▸ PROBLEM DESCRIPTION:
The answer should consist solely of the lines from the first one below through the line containing "1146 Baltzley Valley", copied exactly.

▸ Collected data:
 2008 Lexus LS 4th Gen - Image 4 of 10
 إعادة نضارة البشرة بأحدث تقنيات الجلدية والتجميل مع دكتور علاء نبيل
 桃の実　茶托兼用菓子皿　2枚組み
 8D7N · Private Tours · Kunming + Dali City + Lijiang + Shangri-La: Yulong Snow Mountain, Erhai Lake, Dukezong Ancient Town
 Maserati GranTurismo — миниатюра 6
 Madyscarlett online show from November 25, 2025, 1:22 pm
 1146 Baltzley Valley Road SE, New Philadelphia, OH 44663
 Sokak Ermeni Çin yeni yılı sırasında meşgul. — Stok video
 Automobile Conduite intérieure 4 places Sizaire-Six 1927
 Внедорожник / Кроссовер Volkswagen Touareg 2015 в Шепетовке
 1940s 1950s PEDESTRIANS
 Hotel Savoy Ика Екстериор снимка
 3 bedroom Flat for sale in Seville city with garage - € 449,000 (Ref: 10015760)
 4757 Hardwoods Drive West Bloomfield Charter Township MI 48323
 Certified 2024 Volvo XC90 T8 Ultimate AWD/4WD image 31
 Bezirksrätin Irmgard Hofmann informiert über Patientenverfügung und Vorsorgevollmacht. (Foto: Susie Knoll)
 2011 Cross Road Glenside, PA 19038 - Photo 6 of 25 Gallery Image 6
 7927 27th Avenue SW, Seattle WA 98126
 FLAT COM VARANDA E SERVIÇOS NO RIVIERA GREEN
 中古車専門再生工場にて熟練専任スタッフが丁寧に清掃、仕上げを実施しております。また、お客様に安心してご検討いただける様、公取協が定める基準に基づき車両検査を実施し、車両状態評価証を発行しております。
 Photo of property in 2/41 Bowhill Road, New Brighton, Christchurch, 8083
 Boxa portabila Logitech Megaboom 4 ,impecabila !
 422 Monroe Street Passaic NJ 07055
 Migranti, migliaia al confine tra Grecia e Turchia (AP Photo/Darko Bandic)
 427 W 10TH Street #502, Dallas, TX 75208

▸ RESPONSE AREA:
 2008 Lexus LS 4th Gen - Image 4 of 10
 إعادة نضارة البشرة بأحدث تقنيات الجلدية والتجميل مع دكتور علاء نبيل
 桃の実　茶托兼用菓子皿　2枚組み
 8D7N · Private Tours · Kunming + Dali City + Lijiang + Shangri-La: Yulong Snow Mountain, Erhai Lake, Dukezong Ancient Town
 Maserati GranTurismo — миниатюра 6
 Madyscarlett online show from November 25, 2025, 1:22 pm
 1146 Baltzley Valley Road SE, New Philadelphia, OH 44663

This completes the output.